But, between the ages of 30 and 33, things change. You end a long term relationship  and move across the country to live in your sleepy hometown on the West Coast. As your life evolves, so does the relationship you have with your body. Without the stress of the city, your body “grows to fit it’s new tank” and goes through what feels like a second puberty. Your rib cage expands and your hips widen. Your bust increases, you go up 2 bra sizes and your boobs become a force to be reckoned with. You go from 105lbs to 125lbs in just over a year. You walk less and drive more. Your body feels very different.

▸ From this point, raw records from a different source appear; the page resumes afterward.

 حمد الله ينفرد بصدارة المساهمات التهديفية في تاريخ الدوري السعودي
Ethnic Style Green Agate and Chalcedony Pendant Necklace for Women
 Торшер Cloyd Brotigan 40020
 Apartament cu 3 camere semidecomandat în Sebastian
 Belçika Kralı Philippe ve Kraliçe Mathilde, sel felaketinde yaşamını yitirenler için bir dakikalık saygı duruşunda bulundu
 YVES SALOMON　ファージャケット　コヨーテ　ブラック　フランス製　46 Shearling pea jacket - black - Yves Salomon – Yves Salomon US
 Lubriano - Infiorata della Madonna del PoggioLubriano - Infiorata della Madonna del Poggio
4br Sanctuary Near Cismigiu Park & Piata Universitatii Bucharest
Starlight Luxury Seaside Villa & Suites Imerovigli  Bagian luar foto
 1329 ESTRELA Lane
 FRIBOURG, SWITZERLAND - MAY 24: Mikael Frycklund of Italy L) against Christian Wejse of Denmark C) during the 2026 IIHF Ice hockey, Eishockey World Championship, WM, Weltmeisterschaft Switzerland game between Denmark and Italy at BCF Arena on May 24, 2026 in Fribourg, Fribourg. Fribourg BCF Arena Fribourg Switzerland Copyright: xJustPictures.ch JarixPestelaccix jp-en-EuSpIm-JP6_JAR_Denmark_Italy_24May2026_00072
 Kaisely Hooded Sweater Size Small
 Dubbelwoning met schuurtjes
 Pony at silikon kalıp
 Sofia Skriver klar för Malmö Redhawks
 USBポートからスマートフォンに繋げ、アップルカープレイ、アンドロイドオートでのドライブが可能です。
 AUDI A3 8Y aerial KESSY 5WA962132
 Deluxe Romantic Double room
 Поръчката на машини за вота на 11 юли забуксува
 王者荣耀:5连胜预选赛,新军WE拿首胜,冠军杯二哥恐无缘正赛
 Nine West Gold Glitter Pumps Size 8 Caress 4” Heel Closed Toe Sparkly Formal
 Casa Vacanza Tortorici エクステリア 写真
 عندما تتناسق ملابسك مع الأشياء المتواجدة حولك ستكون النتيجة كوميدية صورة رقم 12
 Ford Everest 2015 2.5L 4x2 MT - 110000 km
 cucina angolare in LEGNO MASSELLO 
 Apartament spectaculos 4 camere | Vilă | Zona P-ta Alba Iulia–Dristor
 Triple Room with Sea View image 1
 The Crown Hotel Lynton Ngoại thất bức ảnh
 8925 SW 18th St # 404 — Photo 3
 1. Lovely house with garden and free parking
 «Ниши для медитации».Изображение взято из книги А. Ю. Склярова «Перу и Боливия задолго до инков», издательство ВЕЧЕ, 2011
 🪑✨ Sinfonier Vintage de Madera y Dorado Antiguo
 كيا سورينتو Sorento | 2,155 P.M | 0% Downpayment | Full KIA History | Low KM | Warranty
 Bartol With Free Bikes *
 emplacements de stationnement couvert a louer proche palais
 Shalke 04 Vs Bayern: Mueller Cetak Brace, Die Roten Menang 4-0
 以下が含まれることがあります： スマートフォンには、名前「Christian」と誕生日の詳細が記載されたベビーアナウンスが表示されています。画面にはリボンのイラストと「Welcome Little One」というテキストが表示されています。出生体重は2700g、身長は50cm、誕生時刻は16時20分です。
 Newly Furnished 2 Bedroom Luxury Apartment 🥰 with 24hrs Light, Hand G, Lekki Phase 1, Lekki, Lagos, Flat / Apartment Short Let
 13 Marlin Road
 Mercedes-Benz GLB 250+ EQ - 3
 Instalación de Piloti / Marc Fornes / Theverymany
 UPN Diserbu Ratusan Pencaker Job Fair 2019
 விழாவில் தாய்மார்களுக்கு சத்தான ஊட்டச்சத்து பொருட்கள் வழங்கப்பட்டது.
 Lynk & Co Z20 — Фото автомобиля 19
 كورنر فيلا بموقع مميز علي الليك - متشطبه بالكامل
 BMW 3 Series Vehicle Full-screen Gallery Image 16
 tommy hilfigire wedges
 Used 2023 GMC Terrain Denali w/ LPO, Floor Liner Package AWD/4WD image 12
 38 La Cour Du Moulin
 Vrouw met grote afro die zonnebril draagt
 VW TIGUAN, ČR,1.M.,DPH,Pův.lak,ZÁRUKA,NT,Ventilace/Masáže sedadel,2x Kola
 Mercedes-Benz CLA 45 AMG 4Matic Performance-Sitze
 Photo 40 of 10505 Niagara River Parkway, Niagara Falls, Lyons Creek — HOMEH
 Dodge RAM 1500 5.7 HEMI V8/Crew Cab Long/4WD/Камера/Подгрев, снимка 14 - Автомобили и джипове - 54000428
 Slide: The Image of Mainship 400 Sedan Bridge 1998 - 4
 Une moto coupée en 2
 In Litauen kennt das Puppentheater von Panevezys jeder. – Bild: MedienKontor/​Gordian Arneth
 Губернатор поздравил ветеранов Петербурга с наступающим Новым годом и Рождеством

On one hand, you like this new you. You finally have what one would call “curves.” You feel solid; grounded. You like the way your body takes up more room in the world. Friends, family and lovers call you names that you aren’t used to hearing (curvy. thick. full figured. healthier looking.) Yet, it’s hard to get used to these changes. When you grab the fleshy mass around your waist, it feels alien – like it belongs on another body altogether. That’s when it bubbles to the surface for the first time and doesn’t let go: hate. 

You don’t hate your body. You hate the fact that you’re now spending time thinking about it, when you never did before. This new concern over your body feels not only like a betrayal to yourself, but to women in general.

You never used to feel this way. When you were a kid you danced ballet, swam and ran. You were taught to value your body not for how it looked, but for what it could do. How high it could jump. How fast it could move. As a thirty-something struggling with their body image for the first time, you long to go back to these carefree days.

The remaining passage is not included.